_EXERCISE GOAL_. The records below are to be set down word for word, with every picture left out.

+++ EXCERPTED RECORDS +++

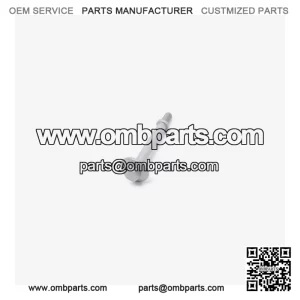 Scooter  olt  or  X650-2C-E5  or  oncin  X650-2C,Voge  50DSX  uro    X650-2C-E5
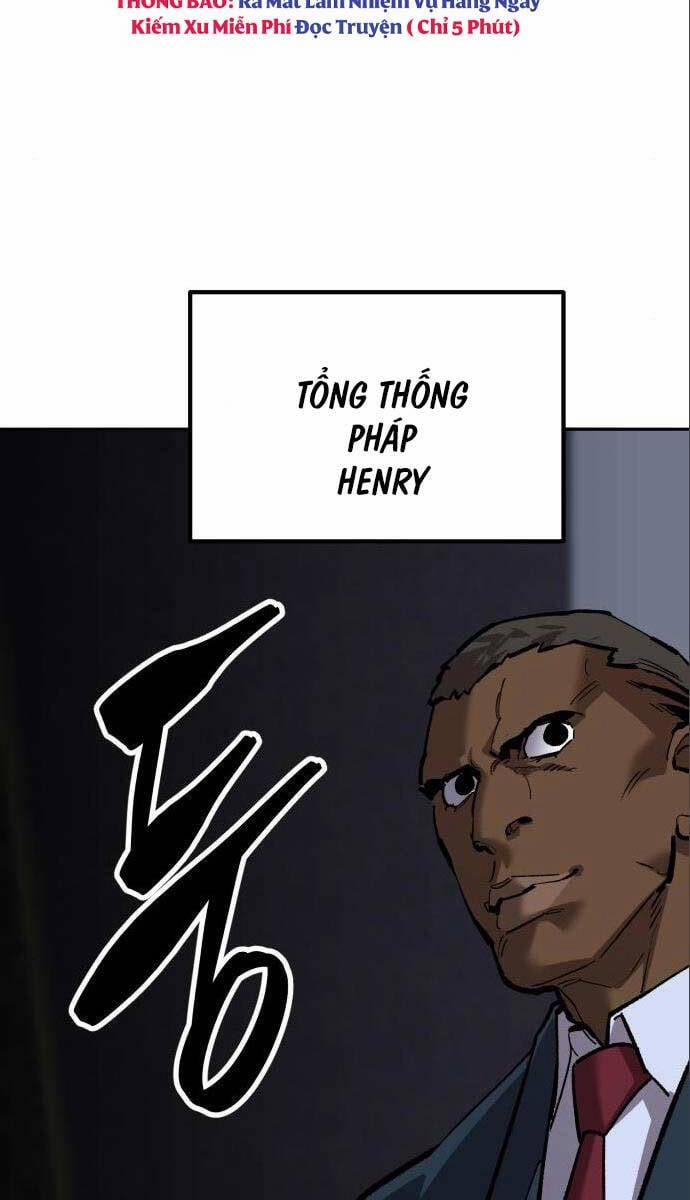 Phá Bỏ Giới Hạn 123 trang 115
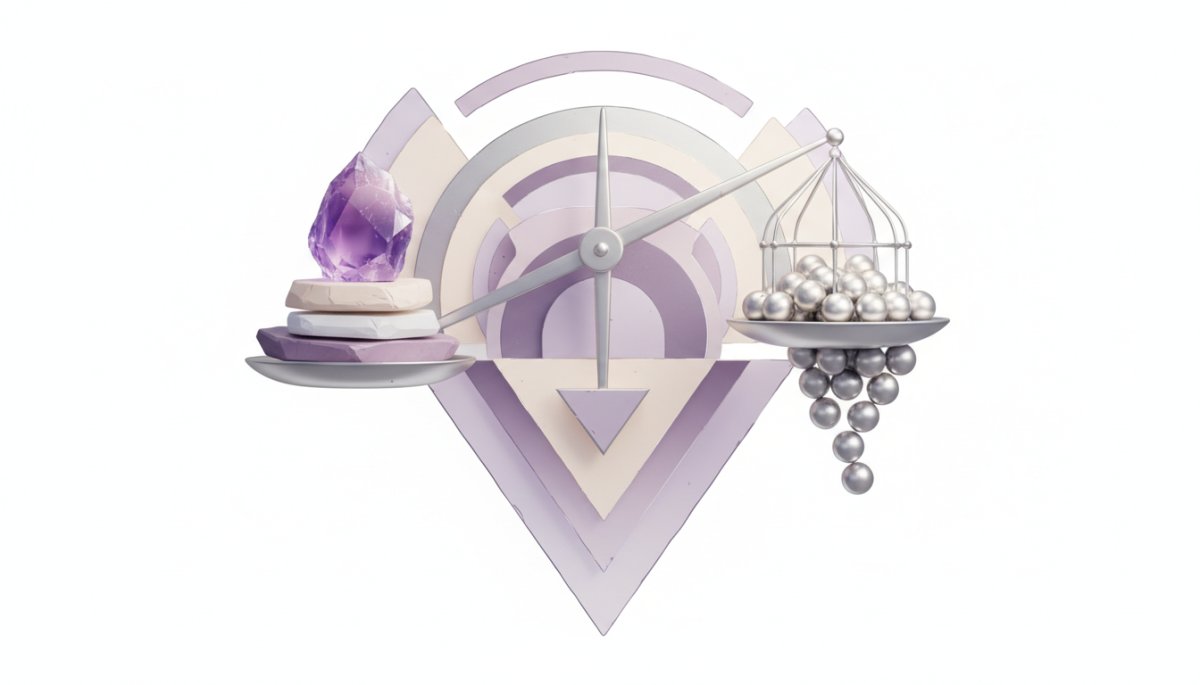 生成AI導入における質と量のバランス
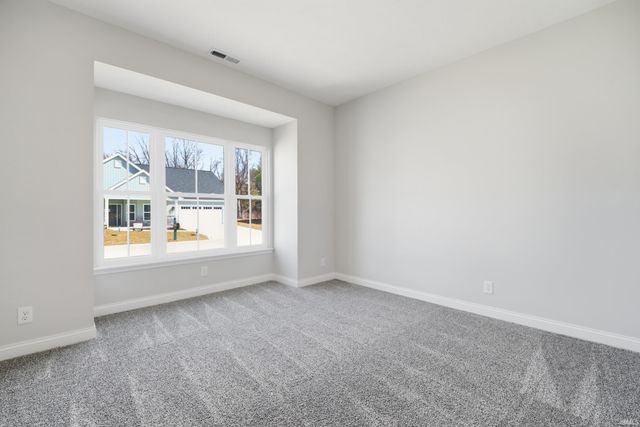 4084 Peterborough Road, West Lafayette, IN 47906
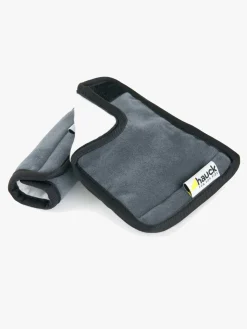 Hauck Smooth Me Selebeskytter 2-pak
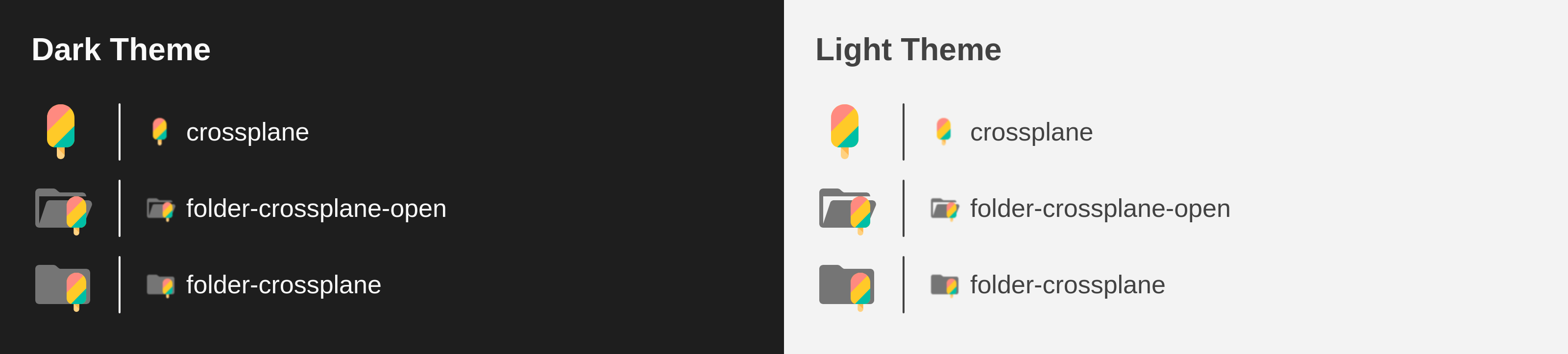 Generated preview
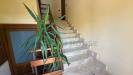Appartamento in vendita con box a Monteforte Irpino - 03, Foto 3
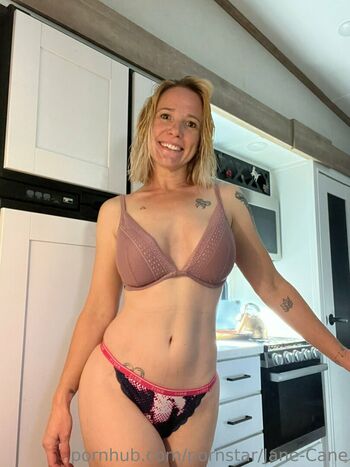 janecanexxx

+++

_EXERCISE RESULT_.
 Scooter  olt  or  X650-2C-E5  or  oncin  X650-2C,Voge  50DSX  uro    X650-2C-E5
 Phá Bỏ Giới Hạn 123 trang 115
 生成AI導入における質と量のバランス
 4084 Peterborough Road, West Lafayette, IN 47906
 Hauck Smooth Me Selebeskytter 2-pak
 Generated preview
Appartamento in vendita con box a Monteforte Irpino - 03, Foto 3
 janecanexxx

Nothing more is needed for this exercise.